Ecco, March 2015
Reviewed by Randy Rosenthal
In antiquity, the Latin word “pagan” simply meant peasant. For example, Cicero wrote a phrase about pagani et montani, “peasants and mountain-folk.” It was loosely derogatory, in the way a military man would use the word civilian. But it had nothing to do with religion. In fact, the word pagan did not come to be used in the way we habitually use it today until the late 4th century. Before then, someone who practiced “paganism” would not have any idea what you were talking about. No one would have called himself a pagan, and certainly not a polytheist. There were gods, dozens of them, and in order to gain their favors you worshipped and offered sacrifices to their images. The question of belief in their existence was irrelevant. In very ancient times, there were human sacrifices, but as time progressed this became unfavorable, at least in the Mediterranean, and animals were sacrificed instead. Apparently, people were under the impression that gods wanted blood, or smoke from the burning of fat, or songs of devotion. If you found fortune or power, you’d honor the god who helped you. If you failed or were defeated, you abandoned the god who had abandoned you. The gods were not interested in ethics or morality or sin—such matters were only the concern of humans. It was pretty simple. That is, until Christians came along.
It could be said to have started with YHWH, the tribal god of the Jews. He was somewhat a strange god, in that he demanded his followers worship no other gods. While in practical regards, Judaism fit seamlessly and indistinguishably into the plethora of ancient religious cults, the Jews claimed to stand apart from others, simply in that, unlike all other peoples of the time, they thought themselves to be separate and distinct, because they worshipped the most powerful god and no other. They were the Chosen People. But no one besides the Jews really gave this idea much credit. As James J. O’Donnell writes in his book Pagans—an easily readable overview of the political and religious world of the Mediterranean and Middle-East at the time Christianity was establishing itself—this “claim to have a single god of unique power was self-evidently laughable—who could that god be, how old, how venerable, how powerful? Where has he been all this time?”

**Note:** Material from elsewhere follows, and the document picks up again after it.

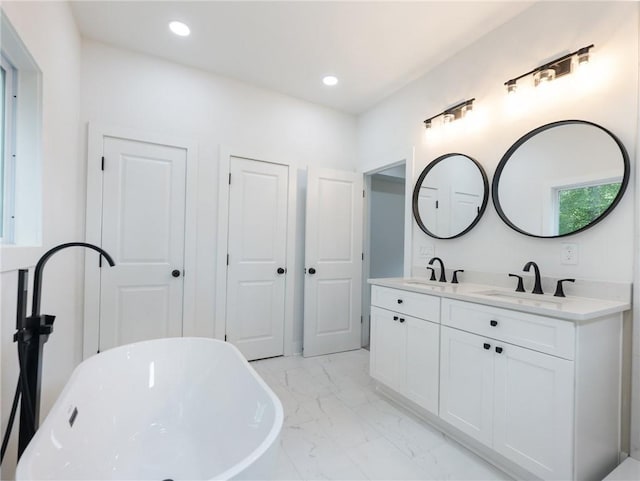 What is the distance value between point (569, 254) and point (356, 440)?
166 centimetres

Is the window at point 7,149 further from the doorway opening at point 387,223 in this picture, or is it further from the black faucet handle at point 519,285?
the doorway opening at point 387,223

This idea of uniqueness only gained credibility with the emergence of Christianity, and along side it, the concept of paganism, which did not exist until Christianity had established itself as the dominant religion of the Roman Empire—and that was after centuries of Christian evolution, collapse, and reinvention. Only then, in the late 300s, did the idea of an “other” make sense, because then everyone who was not Christian had to be grouped together. In the same way Jews used the word Gentile to designate everyone who wasn’t Jewish, “pagan” was suddenly used as a term to designate everyone who wasn’t Christian. As O’Donnell writes, “People became pagans when it was convenient to Christians for them to do so. Calling the others by the name made it clear just how special, unique, and different Christianity claimed to be.” Whereas other cults of worship were associated with local deities, Christianity was unique in that it was universal, or “catholic.” Its god was the one, true God, while all the other gods were simply demons. These ideas were spread by writers such as Augustine, and enforced by edicts of the emperors Constantine and Theodosius, who banned all forms of pagan worship. In reality, “outside of Christian imaginations, there was no such thing as paganism, only people doing what they were in the habit of doing.” Yet within a century, Christians all but eradicated the old ways of worship.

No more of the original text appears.